◆ TASK DETAILS: From the records below, please repeat exactly the line that has "Personalized Custom 3D", the line that has "CHANEL Розовый кашемировый шарф, фото 4", and every line between them, and nothing else.

◆ AVAILABLE DATA:
=== Begin Enclosure ===
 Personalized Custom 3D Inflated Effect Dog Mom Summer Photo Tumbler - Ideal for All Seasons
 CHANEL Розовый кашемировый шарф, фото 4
=== End Enclosure ===
=== Begin Enclosure ===
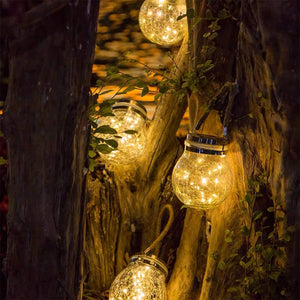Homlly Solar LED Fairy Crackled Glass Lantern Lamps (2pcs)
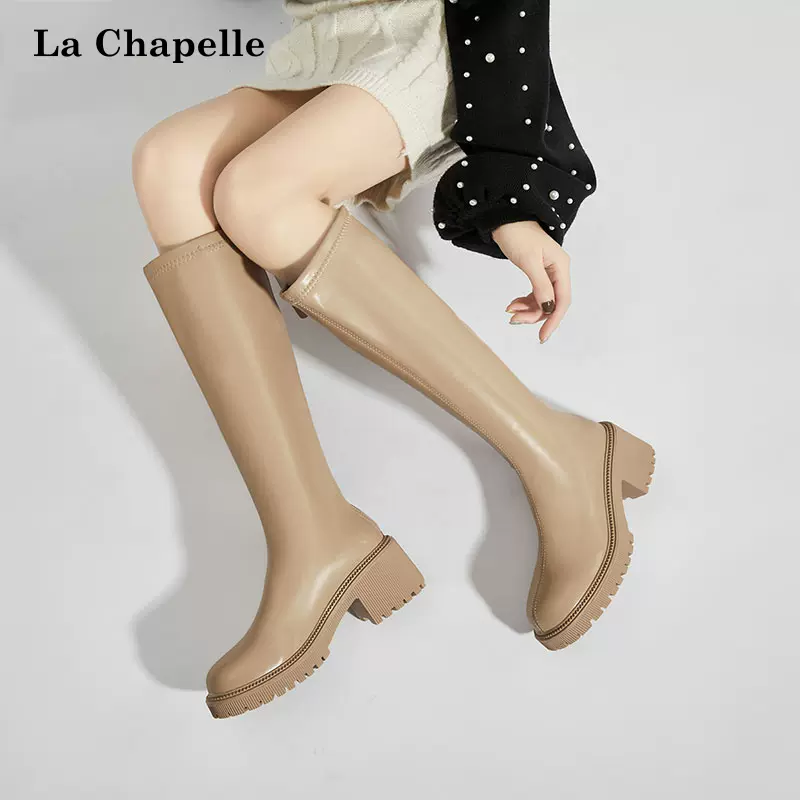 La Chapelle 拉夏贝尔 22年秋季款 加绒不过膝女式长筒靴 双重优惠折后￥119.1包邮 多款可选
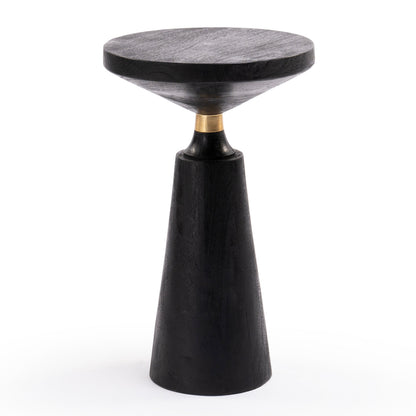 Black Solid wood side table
=== End Enclosure ===
=== Begin Enclosure ===
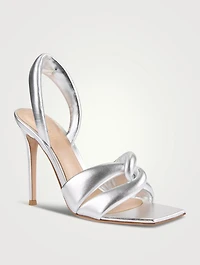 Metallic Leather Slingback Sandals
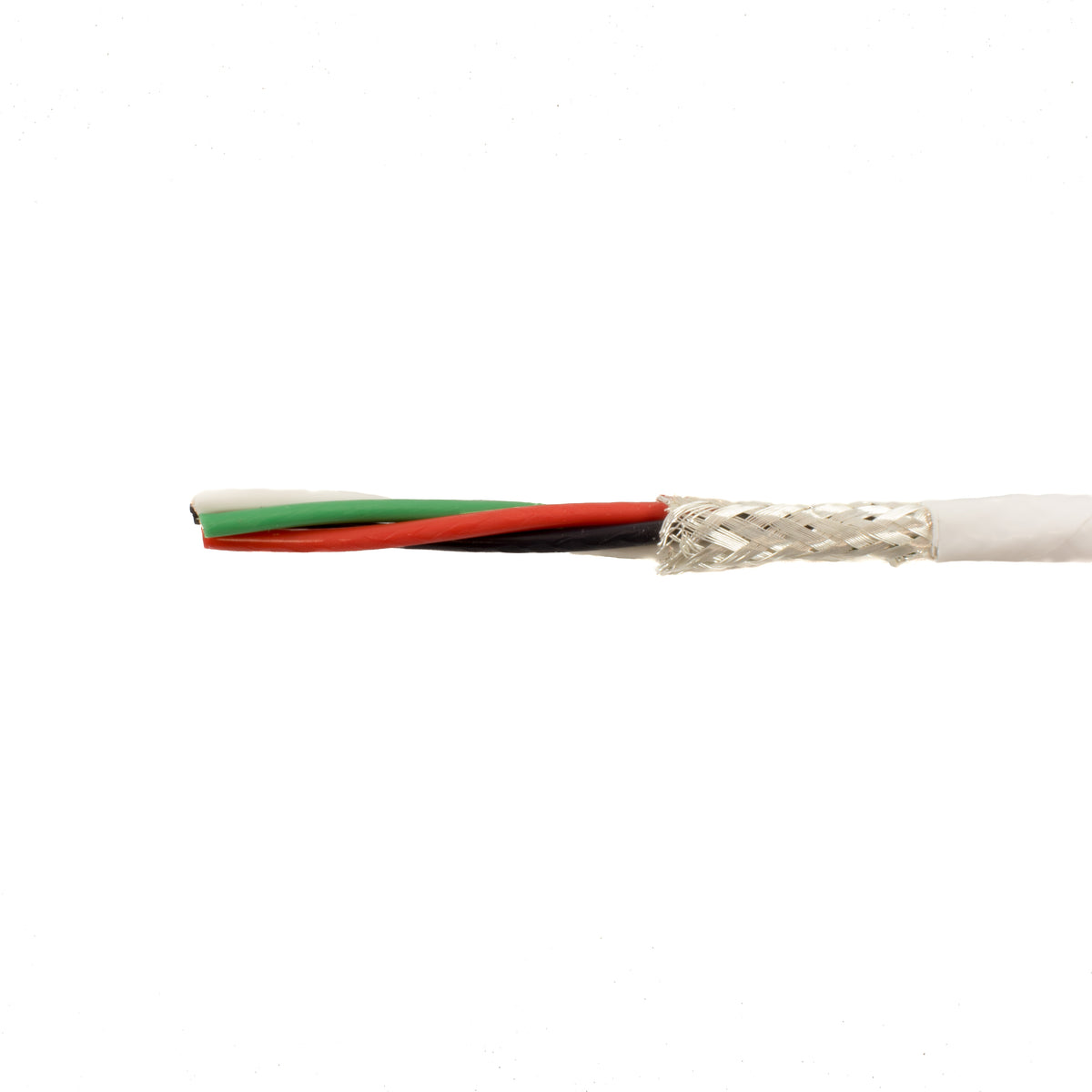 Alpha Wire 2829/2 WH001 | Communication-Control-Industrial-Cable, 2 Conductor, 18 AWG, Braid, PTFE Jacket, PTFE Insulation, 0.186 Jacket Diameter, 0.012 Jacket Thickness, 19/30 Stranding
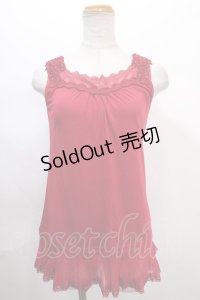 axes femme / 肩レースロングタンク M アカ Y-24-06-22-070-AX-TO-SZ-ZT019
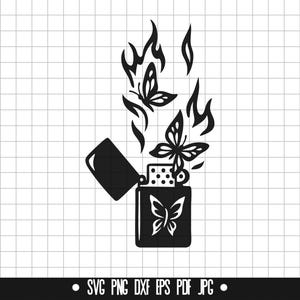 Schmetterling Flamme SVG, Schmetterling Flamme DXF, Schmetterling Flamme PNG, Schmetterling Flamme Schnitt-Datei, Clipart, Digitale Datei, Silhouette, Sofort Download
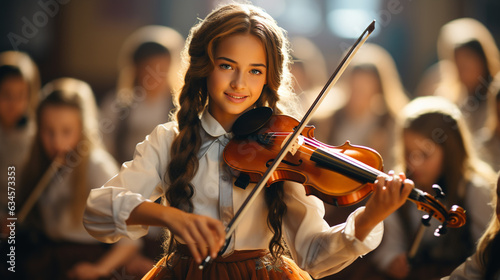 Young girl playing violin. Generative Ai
=== End Enclosure ===
◆ ANSWER SPACE:
 Personalized Custom 3D Inflated Effect Dog Mom Summer Photo Tumbler - Ideal for All Seasons
 CHANEL Розовый кашемировый шарф, фото 4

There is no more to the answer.